Stephen Schwarzman, chief of the Blackstone Group. Peter Foley/Bloomberg NewsStephen Schwarzman, chief of the Blackstone Group.

7:30 p.m. | Updated

In a year when the private equity industry took a political licking, the Blackstone Group is feeling the effects of a weak deal-making climate.

The firm, headed by Stephen A. Schwarzman, reported adjusted profit of $450 million for the fourth quarter of 2011 on Thursday, down 12 percent from the period a year earlier. Those results beat analyst expectations of $441.7 million in adjusted profit.

Blackstone reports its profit using a nonstandard metric called economic net income, which excludes charges related to the company’s 2007 initial public offering. On the basis of generally accepted accounting principles, the firm reported a loss of $123 million in the fourth quarter, compared with an $11 million loss a year earlier.

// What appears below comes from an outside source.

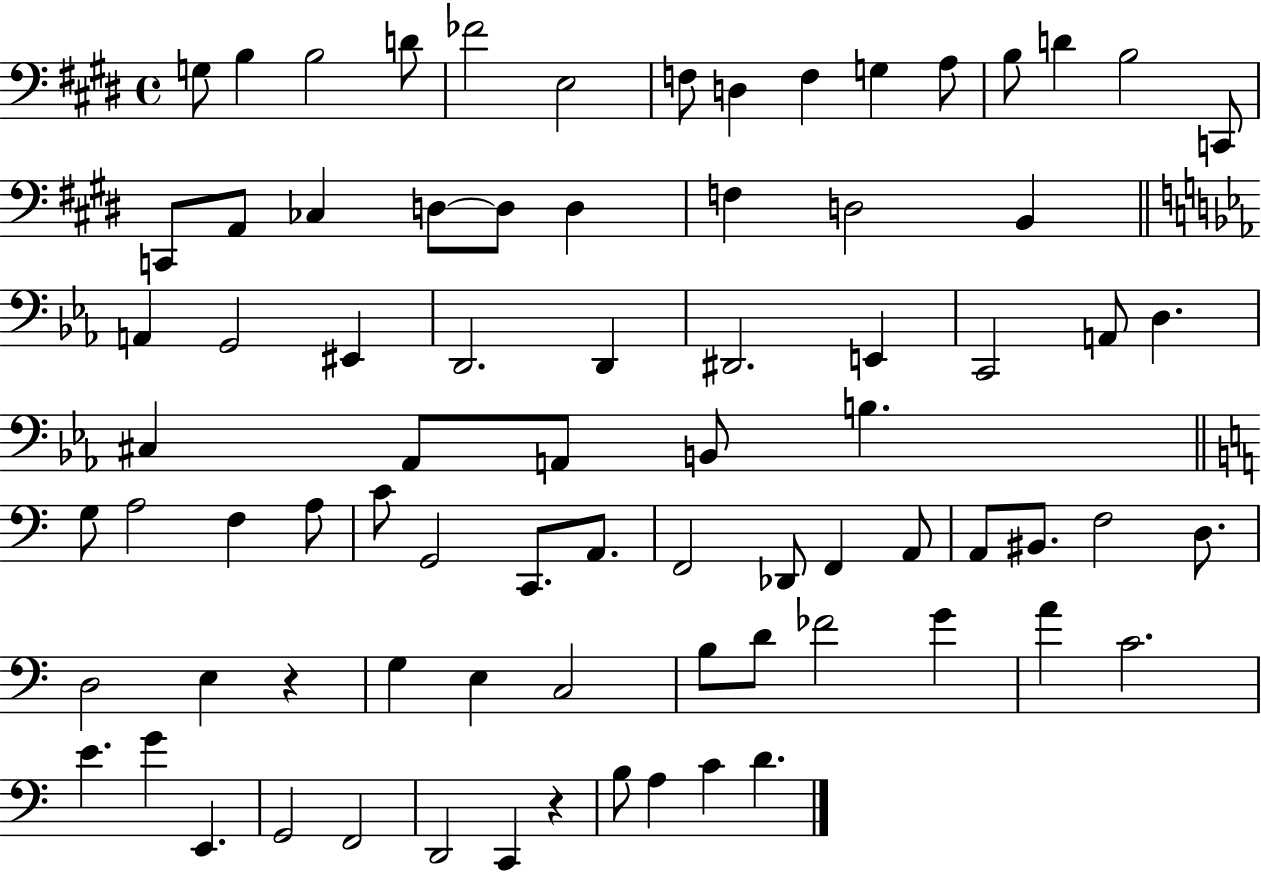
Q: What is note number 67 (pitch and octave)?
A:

Blackstone’s total assets under management jumped 30 percent, to $166.2 billion, in 2011, and its annual adjusted profit fell slightly, to $1.39 billion, from $1.42 billion in 2010. On the basis of generally accepted accounting, the firm reported a loss of $269 million for the year.

“Despite volatile markets and struggling economies, Blackstone had strong performance in 2011,” Mr. Schwarzman said in a statement. “Our investors view us as a critical partner, helping them protect and grow their capital.”

Many private equity firms struggled in 2011, as a weak financial sector made buyouts harder to finance and execute, and lower performance fees hampered profitability. Blackstone’s private equity group felt particular pressure in 2011, recording $578.8 million in revenue for the year, 30 percent lower than in 2010.

With the deal-making slowdown, several of Blackstone’s lesser-known divisions have picked up some of the slack. The firm’s real estate group had full-year revenue of $1.6 billion, up 60 percent from the $1 billion it posted in 2010. But its hedge fund solutions, credit businesses and financial advisory businesses all reported revenue declines for the year.

Blackstone could make big deals in 2012. The firm’s funds had $32.9 billion in uninvested capital, known as dry powder, at the end of 2011. Roughly half of that capital is held by the firm’s private equity division.